Il est des façons originales d'exercer la pêche à la mouche artificielle. Poétique, contemplative, sportive ou technique, à chacun son approche, pourvu qu'elle soit respectueuse des éléments naturels et reconnaissante de la générosité du décor.

Nous retrouvons la Dunière qui coule au creux d'une petite vallée près de Saint Pal de Mons. À Laval, elle est froide et limpide. Et aussi plus large et plus épanouie, car elle sort tout juste des gorges des « Portes du Diable ».

Les plus beaux jours de ma vie

Les plus beaux jours de ma vie, je les ai passés dans ces lieux. C'était entre 1968 et 1972. La vallée était vierge de tout occupant, j'en étais le seul habitant. Apprenti peintre et amoureux de la nature, je me définissais comme étant ce que l'on appelait un hippie. Les braves gens, vous savez « ceux qui n'aiment pas que l'on suive une autre route qu'eux », me considéraient comme un drôle de type passablement marginal.

Du Pont de la Vache à Vaubarlet, le parcours de la Dunière ressemblait à un no man's land. Je louais une petite maison sans confort pour 500 francs par an. Loin de la civilisation, je passais mes journées à dessiner et à parcourir inlassablement les bords de la rivière sous la protection d'une antique chapelle romane. C'est là que j'ai pris mes premières truites à la mouche sèche.

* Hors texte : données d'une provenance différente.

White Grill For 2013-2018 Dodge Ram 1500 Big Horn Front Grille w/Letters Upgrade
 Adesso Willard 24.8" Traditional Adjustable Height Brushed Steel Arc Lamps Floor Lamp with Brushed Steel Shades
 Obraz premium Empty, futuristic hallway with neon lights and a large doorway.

Et au milieu coule une rivière

Certains soirs d'été, j'installais les enceintes de la chaîne hi-fi sur le rebord de la fenêtre grande ouverte à l'étage. Je sélectionnais parmi mes 33 tours, les meilleurs titres de Pink Floyd ou d'Amon Düül II et les empilais sur la platine. Je poussais le volume à fond et une cigarette un peu louche au bout des lèvres, je partais à l'aventure dans mon film, en décors naturels et sur écran géant.

Au pied de la chapelle Saint-Julien-la-Tourette, rien que pour moi et en avant-première, se déroulait « Et au milieu coule une rivière ». Dans ce décor grandiose, je descendais à la rivière en jeans et pataugas. Jusqu'au crépuscule, de l'eau jusqu'aux genoux, je guettais le moindre gobage sur fond de musique psychédélique.

Aujourd'hui, avec cinquante ans de retard, je demande pardon aux animaux de la forêt qui devaient s'interroger sur l'origine de cette curieuse intrusion sonore. Mais cela était exceptionnel. Et puis, qui sait ? Peut-être prenaient-ils le même plaisir que moi quand, à la nuit tombante, ils entendaient les chœurs de « Atom Heart Mother » se mêler au chant de la chouette hulotte et résonner dans la brume de la forêt qui enveloppait la vallée.